Exercise goal: Pictures in the records below must be left out. Return exactly the lines from the line with "QC Double Tipped" to the line with "Житловий комплекс KLEN", both included.
Material provided START
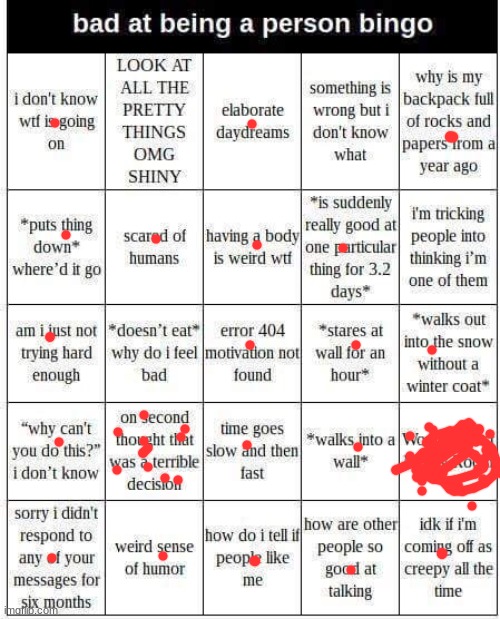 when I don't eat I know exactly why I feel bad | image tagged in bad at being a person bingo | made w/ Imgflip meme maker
Material provided END
Material provided START
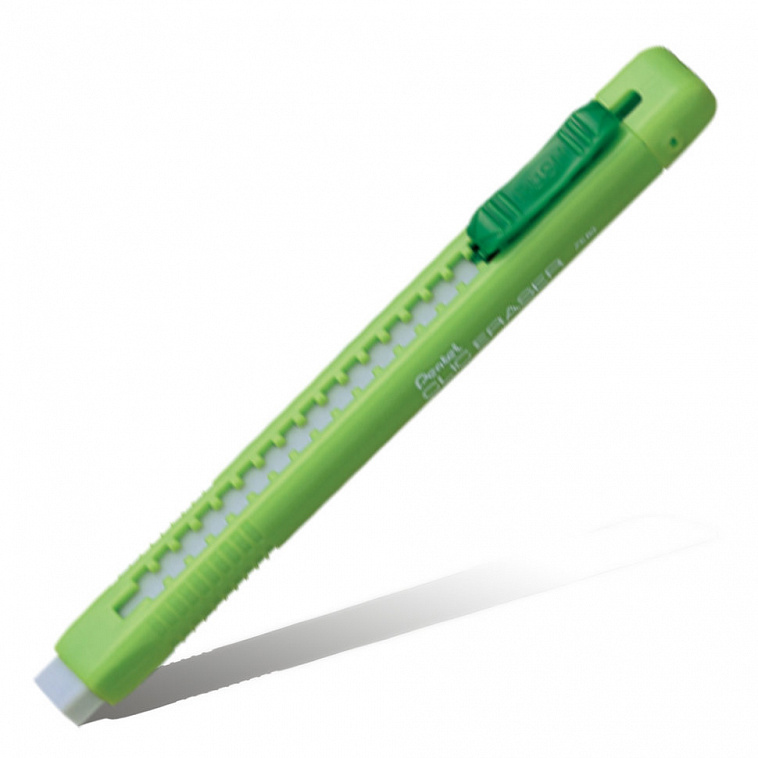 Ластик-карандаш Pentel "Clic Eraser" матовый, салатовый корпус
Material provided END
Material provided START
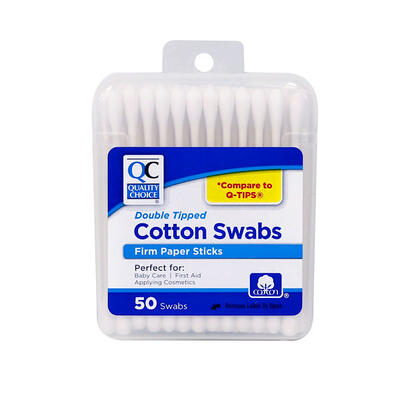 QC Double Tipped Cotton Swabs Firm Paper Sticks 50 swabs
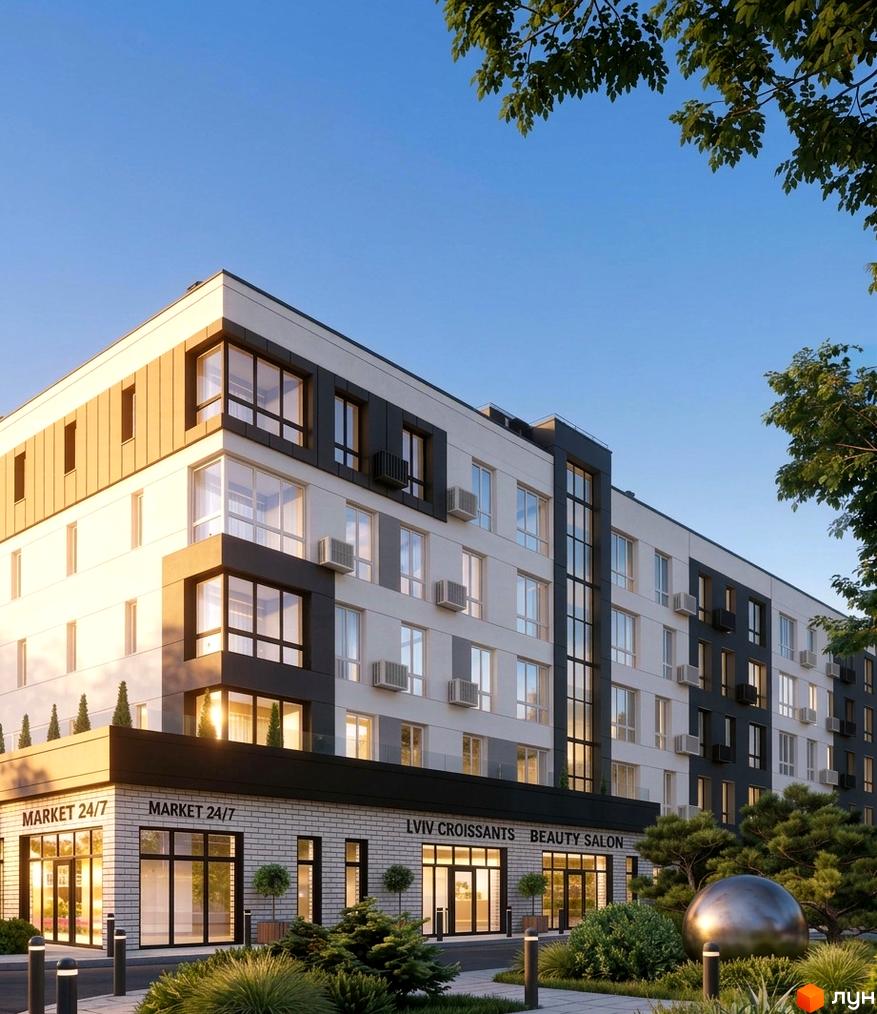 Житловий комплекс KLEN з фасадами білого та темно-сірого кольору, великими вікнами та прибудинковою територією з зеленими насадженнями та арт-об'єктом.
Material provided END
Answer space:
 QC Double Tipped Cotton Swabs Firm Paper Sticks 50 swabs
 Житловий комплекс KLEN з фасадами білого та темно-сірого кольору, великими вікнами та прибудинковою територією з зеленими насадженнями та арт-об'єктом.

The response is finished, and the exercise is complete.